Blood shot from the man's eyes.He fell on top of his friend and punched him in the face with a clenched fist. "The madman is attacking again!" The people around said in unison.The rest of the criminals seized him and huddled with him.They bent him so that his head was between his legs, and tied him tightly again.His eyes and the pores of his whole body almost spurted blood. "You'll kill him that way," cried the minister, "poor thing!" He stretched out a protective hand over the tortured sinner; and at that moment the scene changed.They fly over rich halls, they fly over poor rooms. "Wildness," "jealousy," and other major "sins" walk by them.An angel who acts as a magistrate reads the guilt and defense of these things.In the presence of God, this is not an important matter, because God can read the heart; He knows all sins in and out of the heart;The pastor's hands trembled, and he dared not reach out and pluck a single hair from the sinner's head.Tears flowed from his eyes like waters of mercy and love, and quenched the eternal fire in hell.

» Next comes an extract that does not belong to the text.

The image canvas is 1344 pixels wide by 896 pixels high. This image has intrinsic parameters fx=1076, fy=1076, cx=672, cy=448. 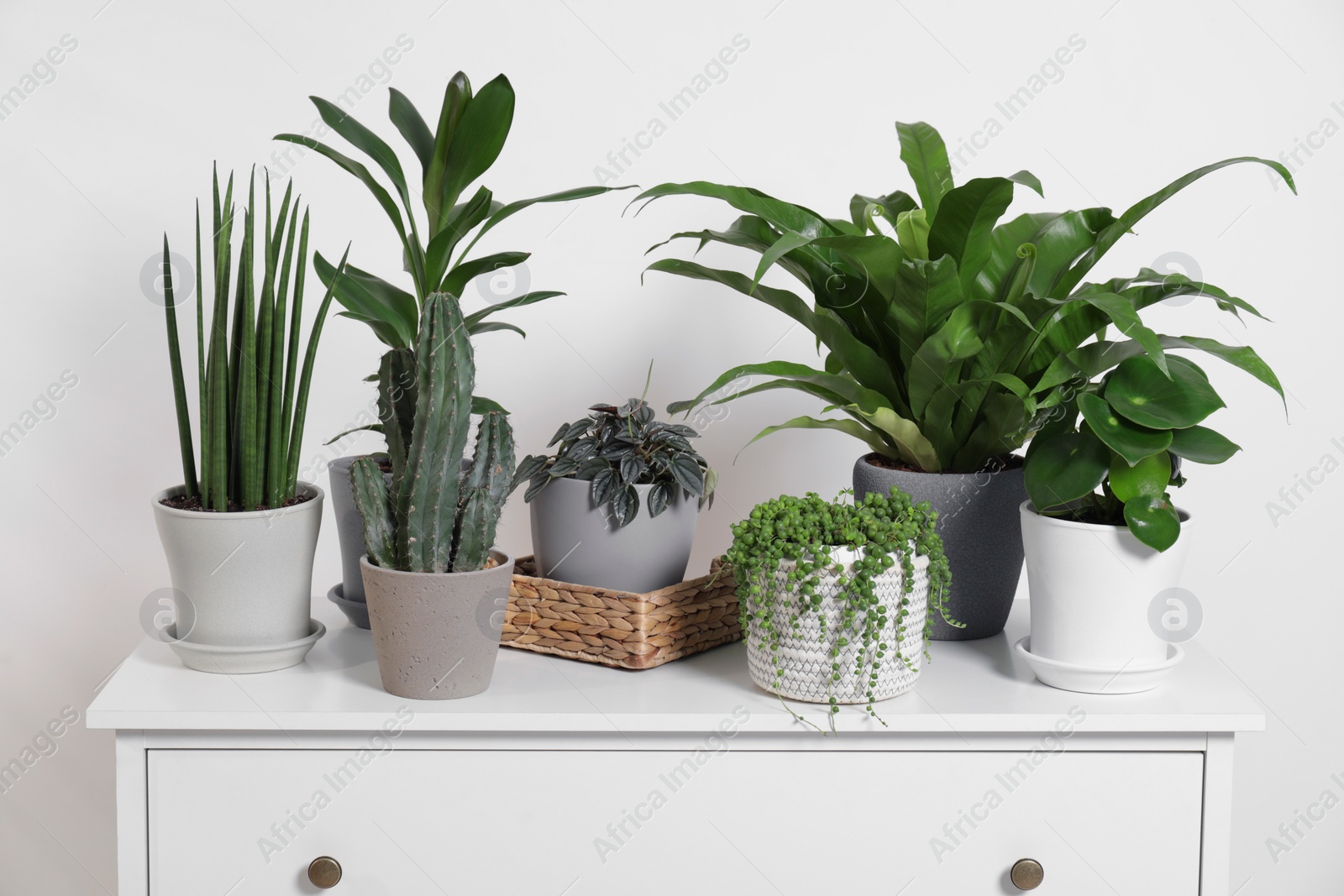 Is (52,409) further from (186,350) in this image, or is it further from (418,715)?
(418,715)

Then the rooster crowed. "Merciful God! Only You can let her rest in her grave, and I can't do that." "I have now rested in peace," said the deceased. "Because you speak such horrible words, and you feel so pessimistic about him and his creatures, I am compelled to come to you! Get acquainted with man, for there is a little of God in even the worst man Ingredient—the element that can overcome and quench the fires of hell." There was a kiss on the priest's mouth, and the sun was shining around him.The bright sun of God shone into the room.His living, tender, kind wife awakened him from a dream sent by God. ① European medieval Christian monks divided the natural sins of human beings into seven categories, generally referring to these seven items: pride, sullenness, envy, lust, gluttony, greed and laziness.Andersen's several are slightly different from this standard, maybe he forgot.